Continuità, risorgenze, invenzioni? Sui simboli “preistorici” nel folklore contemporaneo

Abstract

I temi delle continuità culturali e delle “sopravvivenze” sono stati, nel recente passato, al centro del dibattito in ambito antropologico e storico religioso. Ritornano oggi d’attualità in relazione alla questione della patrimonializzazione dei beni immateriali, delle feste religiose “tradizionali” innanzitutto. Gli interrogativi che emergono sia circa l’utilità delle fonti storiche (archeologiche e documentali) ai fini della comprensione della realtà rituale contemporanea, sia rispetto al tema delle continuità cronologiche di pratiche e credenze, meritano infatti, dinanzi alla ormai avvenuta dissoluzione di quella che è stata definita “civiltà contadina” e ai rinnovati interessi verso il patrimonio immateriale espressi dalle comunità alla ricerca di matrici identitarie, dalle istituzioni pubbliche e dal cosiddetto “mercato culturale”, di essere ripresi sulla base di rinnovate indagini e riflessioni. Possiamo e dobbiamo ritornare a chiederci: le testimonianze materiali e immateriali del passato, anche il più remoto, possono aiutarci a comprendere ciò che osserviamo declinarsi negli attuali contesti festivi e, di converso, le odierne o appena trascorse espressioni del folklore possono contribuire a chiarire il senso di storie e di riti assai più antichi?

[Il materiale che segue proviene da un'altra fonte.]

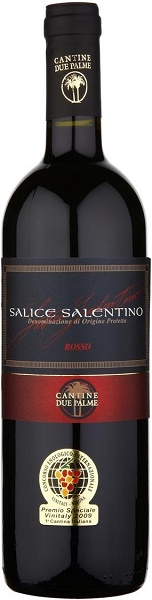 Вино Дуэ Пальме Саличе Салентино (Due Palme Salice Salentino) красное полусухое 0,75л Крепость 12,5%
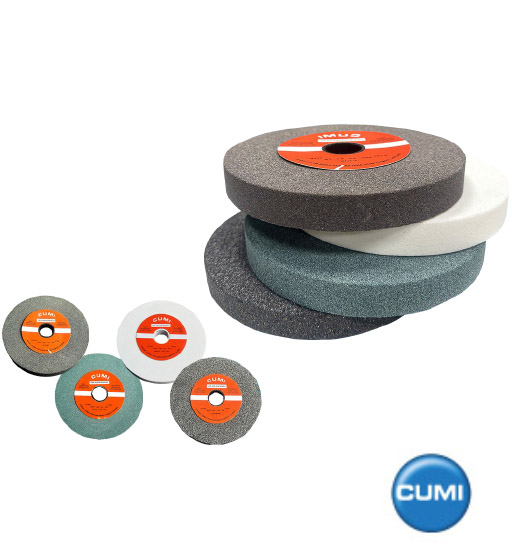  CUMI CARBORANDUM GRINDING WHEEL 200 X 25 X 31.75 A24 R5 V6 GREY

Quali sono, sempreché ritenuti effettivamente esistenti, la natura e lo spessore di questi rapporti diacronici? I significati e le funzioni dei riti, le motivazioni e le aspettative dei devoti di ieri e di oggi hanno qualcosa in comune? Sono davvero così radicalmente diversi come si sarebbe indotti a credere considerando le distanze cronologiche e spaziali e l’indimostrabilità (in larga parte dei casi) dell’assenza di soluzioni di continuità di pratiche cultuali e rituali?